Description of the task: Where an image appears, leave it out; otherwise repeat the data exactly.

[[ Task inputs open ]]

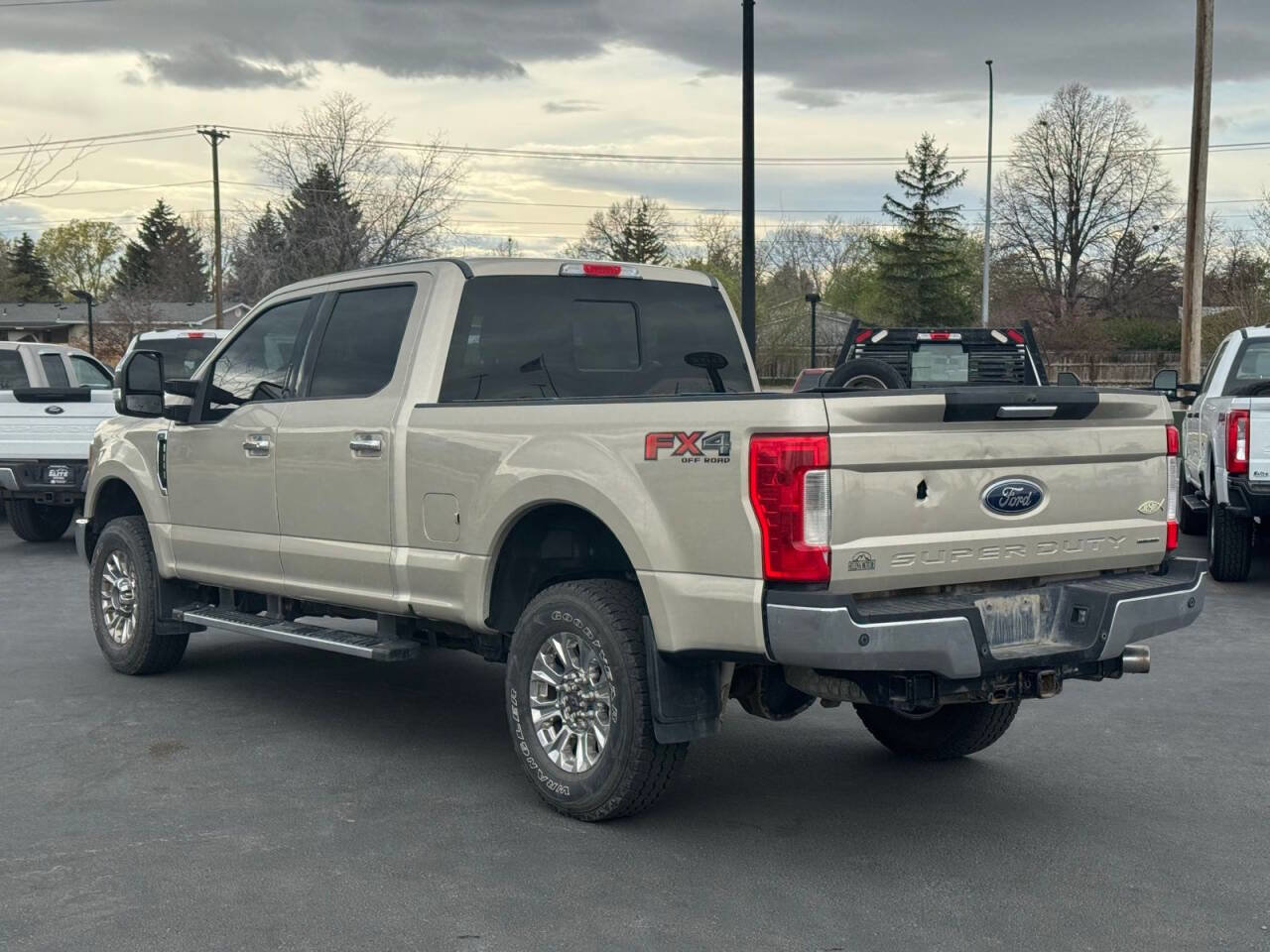 Used 2017 Ford F250 XLT w/ XLT Premium Package image 5
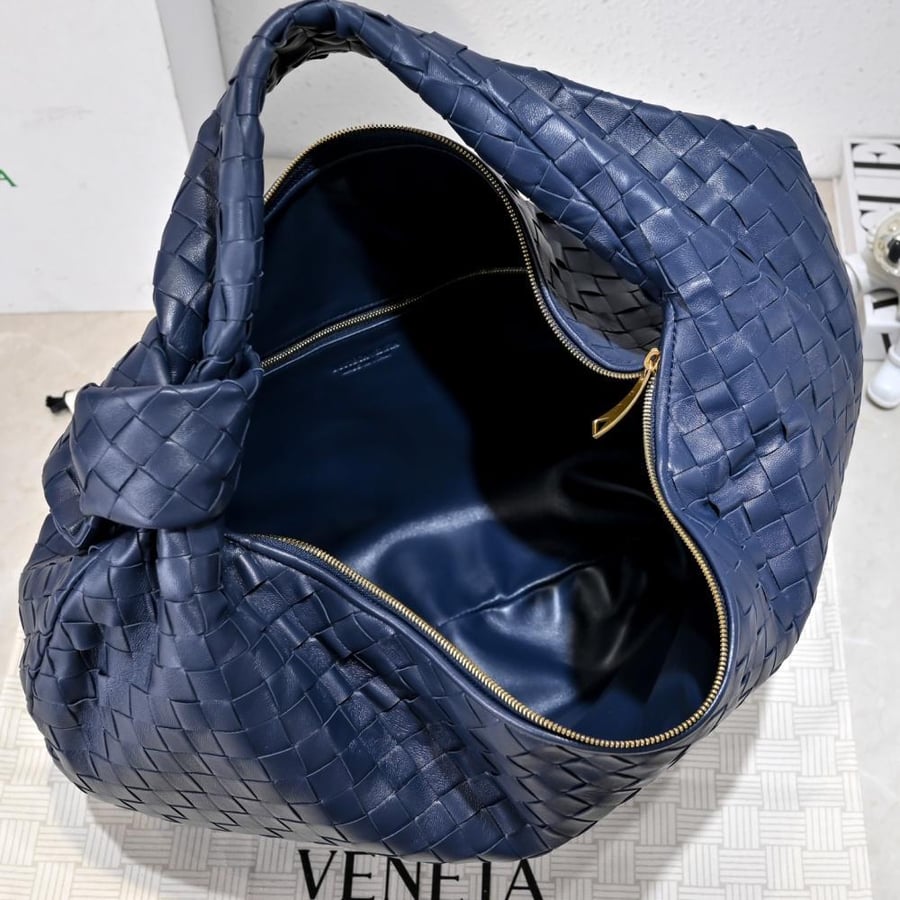 BV Extra Large Jodie Bag 54cm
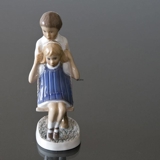 Gyngetur i haven, Børn der leger, Bing & Grøndahl figur nr. 2541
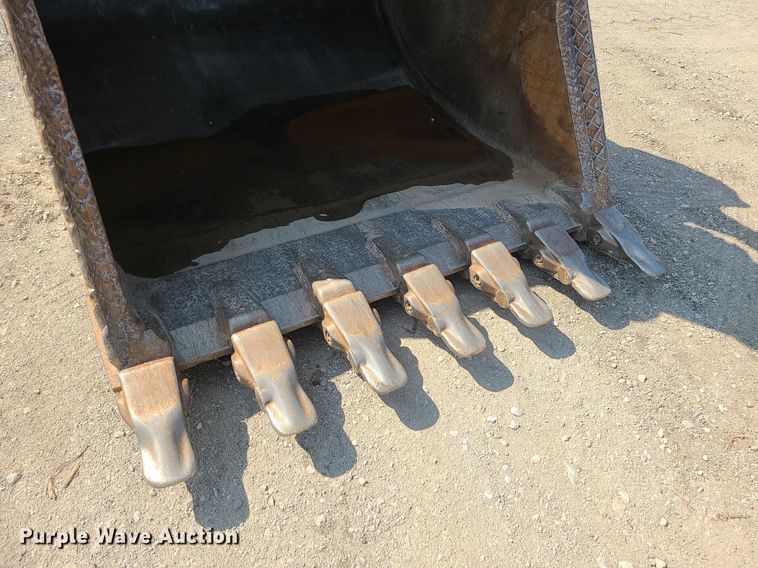 image for item DK4053 Caterpillar  74"W excavator bucket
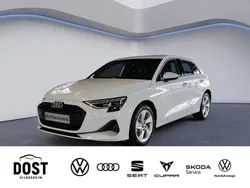 Weiß Gebraucht 2025 Audi A3 Sportback Advanced Limousine | 39.230 € (Teuer)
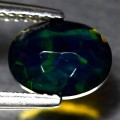 Opalschwarzer Naturstein 0,85 ct AAA IF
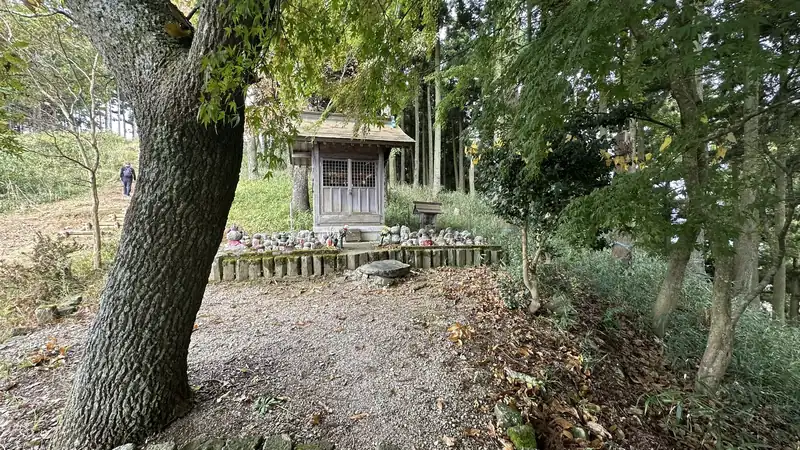 Memorial space for the fallen of the battle, seen in full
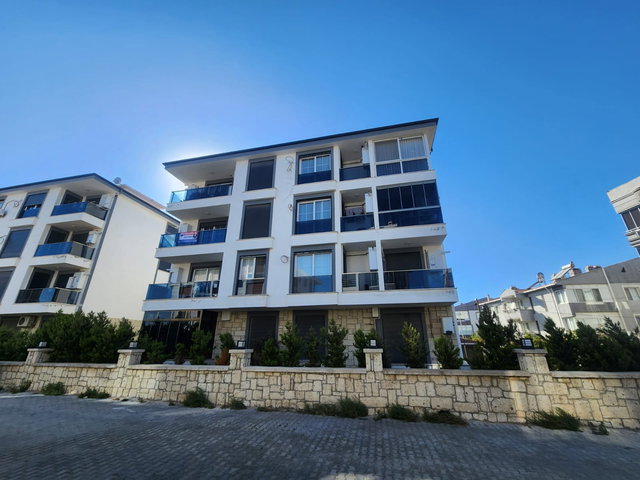 SEFERİHİSAR MERKEZDE D.GAZLI ARAKAT KİRALIK ASANSÖRLÜ 1+1 DAİRE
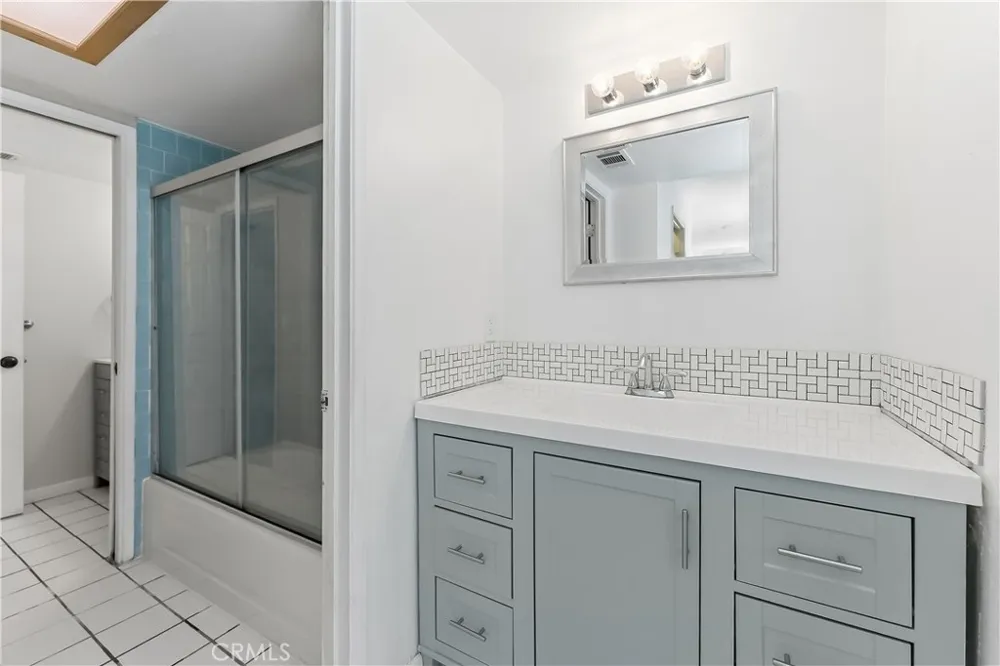 2521 Selland Avenue Fresno, CA 93722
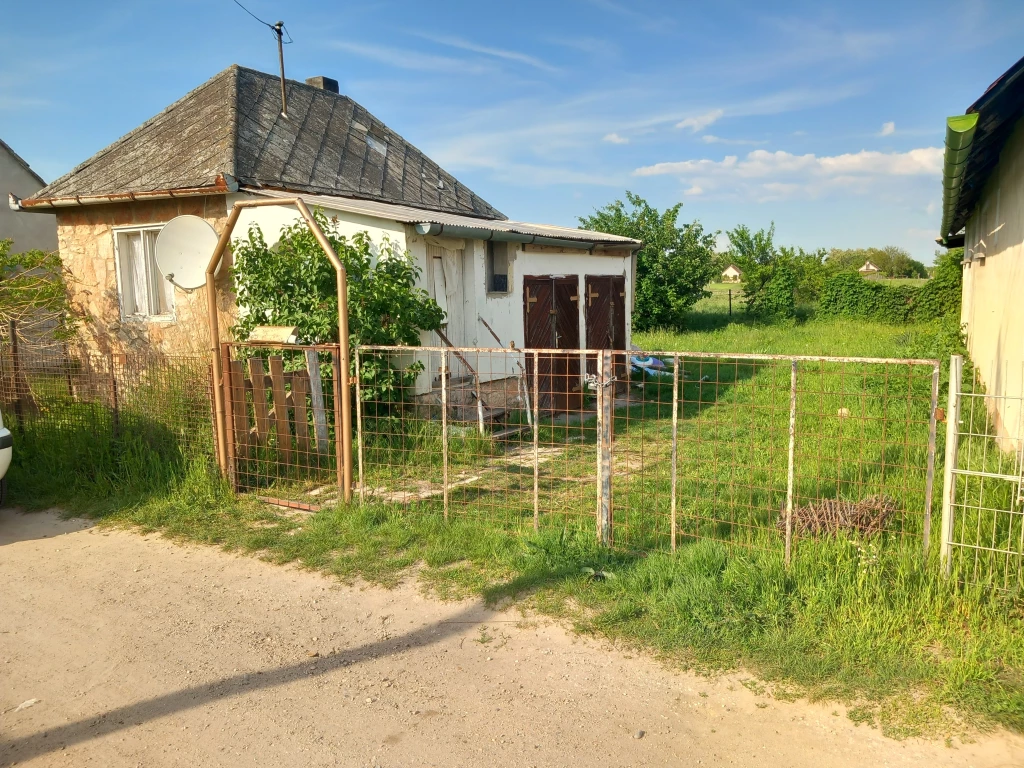 Eladó kertes kis ház Kisbér vasútállomás közelében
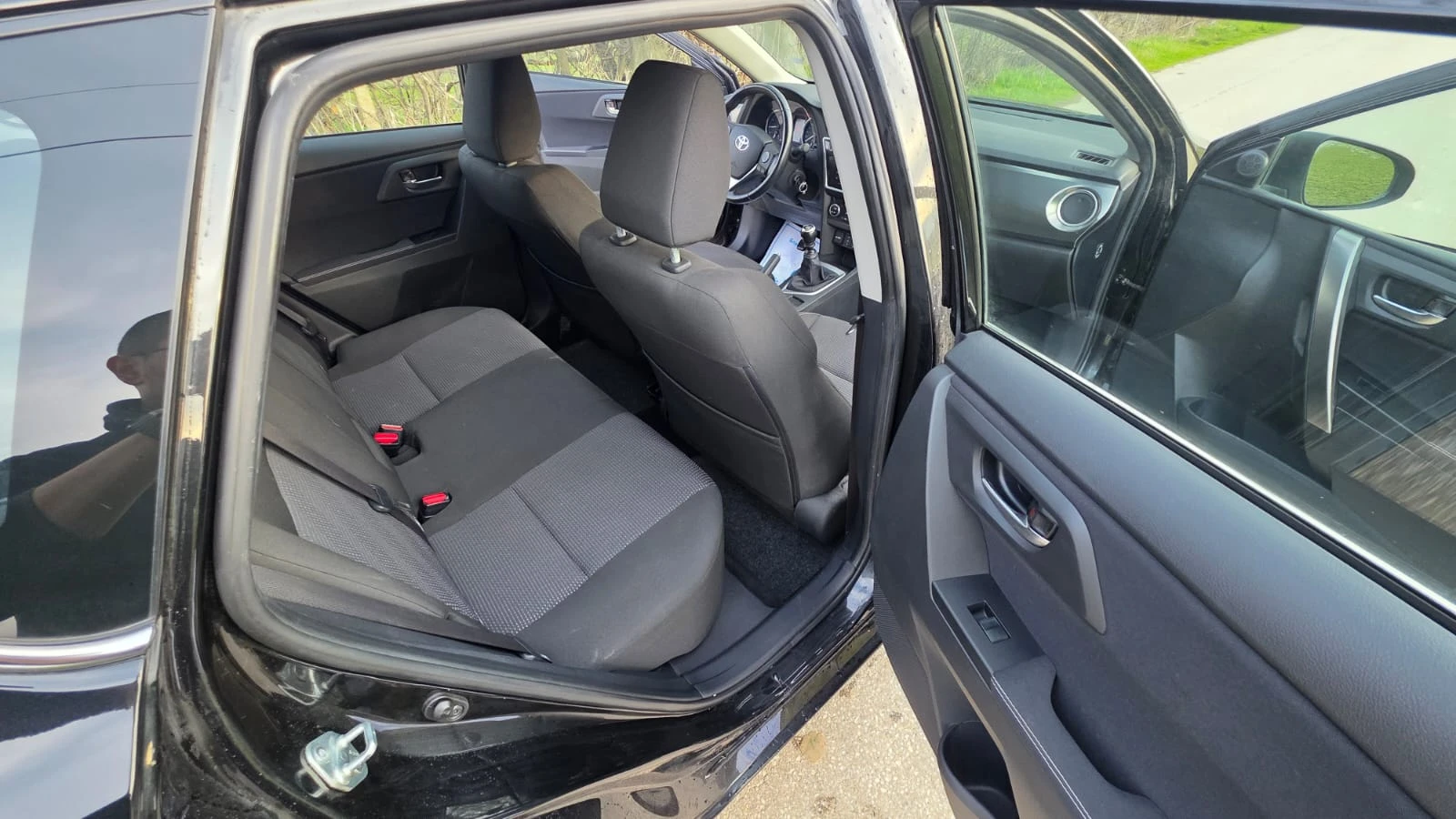 Toyota Auris 1.6 132кс бензин ГЕРМАНИЯ, снимка 10 - Автомобили и джипове - 56020804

[[ Task inputs closed ]]

Result:
 Used 2017 Ford F250 XLT w/ XLT Premium Package image 5
 BV Extra Large Jodie Bag 54cm
 Gyngetur i haven, Børn der leger, Bing & Grøndahl figur nr. 2541
 image for item DK4053 Caterpillar  74"W excavator bucket
 Weiß Gebraucht 2025 Audi A3 Sportback Advanced Limousine | 39.230 € (Teuer)
 Opalschwarzer Naturstein 0,85 ct AAA IF
 Memorial space for the fallen of the battle, seen in full
 SEFERİHİSAR MERKEZDE D.GAZLI ARAKAT KİRALIK ASANSÖRLÜ 1+1 DAİRE
 2521 Selland Avenue Fresno, CA 93722
 Eladó kertes kis ház Kisbér vasútállomás közelében
 Toyota Auris 1.6 132кс бензин ГЕРМАНИЯ, снимка 10 - Автомобили и джипове - 56020804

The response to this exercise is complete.